It takes hierarchy to design multimillion-gate chips on manageable and predictable schedules. Ensuring that timing will converge to a chosen goal requires early timing budgets, abstraction of simplified block-routing and timing models, and proper margins along several axes. This article details the approach Morphics Technology uses to build 5 million- to 15 million-gate chips for wireless signal processing that meet schedule, functionality and timing goals on first silicon. The challenge for on-schedule physical implementation of multimillion-gate chips starts with early floor planning and partitioning, and continues throughout the design flow with appropriate abstraction and approximations to get the most benefit out of all work expended. To achieve timing closure, each stage of the process must include sufficient margin, and the project must focus on moving ahead to avoid spending too much time on premature optimizations.

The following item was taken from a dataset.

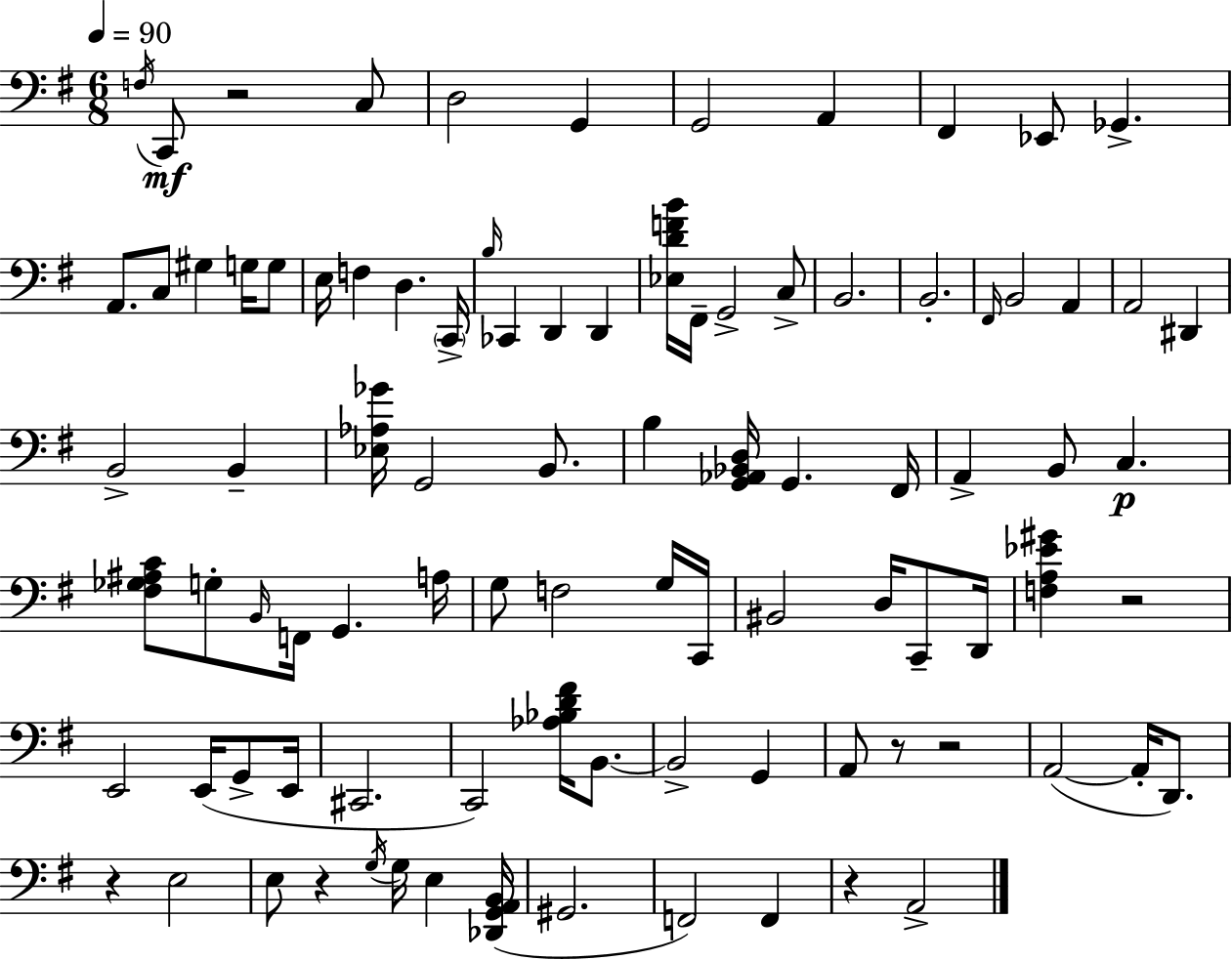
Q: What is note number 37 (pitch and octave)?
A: B2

As a design closes in on tapeout, several issues must converge simultaneously, and a useful concept is to incrementally relax added margins toward the desired target goals.
A truly hierarchical flow supports making replicated instances of blocks that share a single abstraction each of their logic, timing, routing and port-location models. In particular, the physical routing, parasitic extraction and static timing-analysis steps need to be separated so that top-level runs use only abstractions of instantiated blocks without seeing the full transistor, gate or polygon databases within each of the blocks.
Partitioning of a design serves to break it into manageable pieces that can benefit from the parallelized effort of the individuals in a team. The goal is to allow separable progress of the work both for individual blocks and concurrently at the top level. A good goal is to seek “equalized pain” between blocks and their parents in a hierarchical design, making the block size small enough so that the effort of routing and timing closure at a block level is about the same as the effort required for the parent.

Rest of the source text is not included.